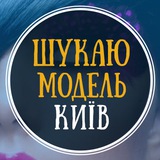 Логотип телеграм спільноти - Шукаю модель Київ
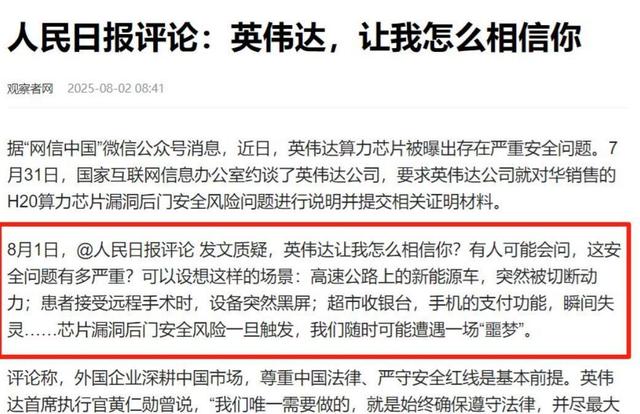 台湾学者紧急预警，如果H20芯片帮美国做情报收集，那就不得了了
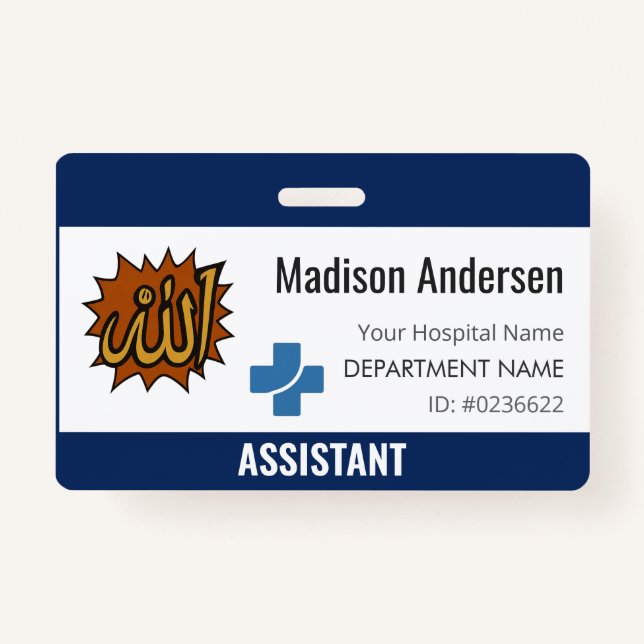 Cargador de la tarjeta de identificación del disti (Anverso)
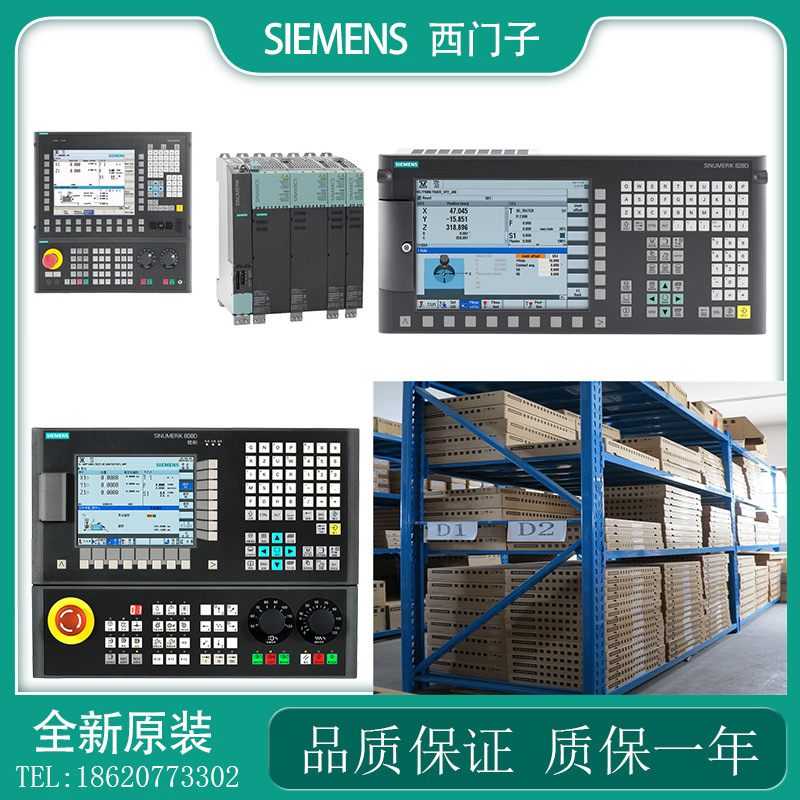 808D数控系统6FC5370-1AM02/2AT03/1AT00/3AM03/1AM00/2AM03-0CA0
• • • • • • •
[Problem requirements]
Omitting all pictures, set the listing down exactly.

[Answer]
 Логотип телеграм спільноти - Шукаю модель Київ
 台湾学者紧急预警，如果H20芯片帮美国做情报收集，那就不得了了
 Cargador de la tarjeta de identificación del disti (Anverso)
 808D数控系统6FC5370-1AM02/2AT03/1AT00/3AM03/1AM00/2AM03-0CA0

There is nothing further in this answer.